Anecdata, I have also successfully used it to unearth complicated bugs that I already knew must exist, but didn’t have a good way to find.
Think of a query like: Find all calls to function A that have an output pointer-pointer of type B in the last argument position and also have a boolean return type, verify the input dereferenced B is NULL, then verify that iff A assigns output to B that the return type is false and that the calling frame also includes a later call to function C to clean up B. This type of thing run on millions of lines of code.
This can get as crazy as you want it to be and did work, but there is a “but.” The query language is so verbose and powerful, there were many, many ways to represent the same query that all had drastically different performance profiles. The docs were woefully underwhelming in that regard — they simply stated what a member did, but not anything at all related to memory or performance implications. That, coupled with the fact that nearly every complex query during dev hit the wall of the JVM killing it for taking too much time/mem, it became apparent that they must have tooling for the tooling to analyze performance and memory profiles of queries (not unlike all the effort put into SQL over the years). Also, no debugger; resorted to “datalog printf debugging” (ie, including internal clauses as outputs and chopping off later parts of the query...)
I spent a few weeks only writing queries and in every non-trivial one I needed a senior person there to review/rearrange a few clauses to go from e.g. 30 minute runtime to 15 seconds. That left me with a feeling that I was constantly fighting the docs and lack of tooling and would constantly need their help to tune things. Nothing was fundamentally wrong with the queries — it was just not documented anywhere that some filtering should be done caller->down vs. other kinds of checks in the same query should be callee->up.
I had questions regarding scaling up to 1B+ LoC like others in the thread but didn’t really get that far.
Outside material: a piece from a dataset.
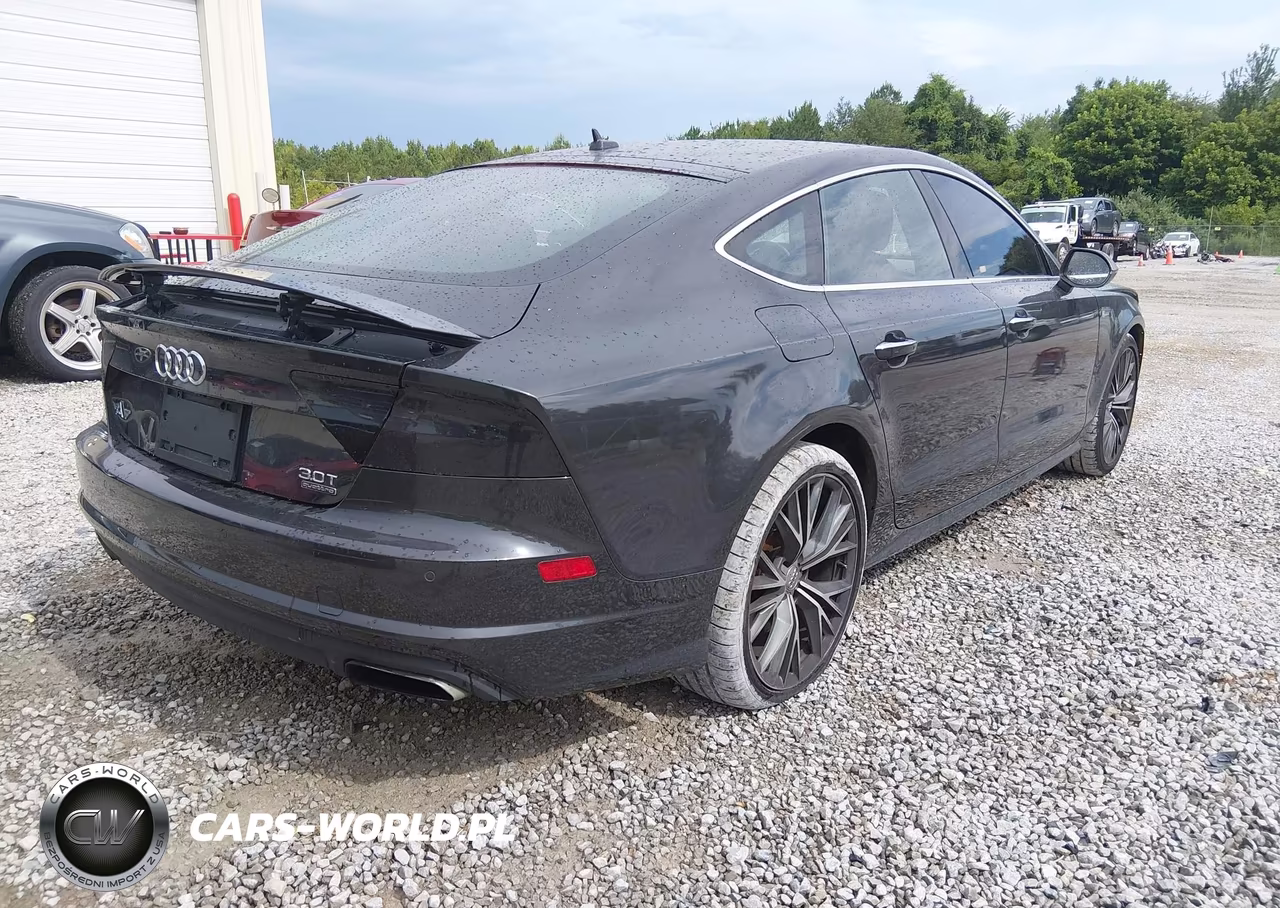 2016 Audi A7 3.0 Prestige VIN:WAU2GAFC9GN161582 - 4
It did successfully find the C/C++ bugs I was looking for once the queries had hours of investment from both sides, and we were also able to find bugs in a large custom JS codebase by mocking all the things it would need to understand to eval the code. Whether or not that investment makes sense is an individual/team/org question, but if they ever seriously invest in a query debugger and profiling, they’ll be pretty hard to beat.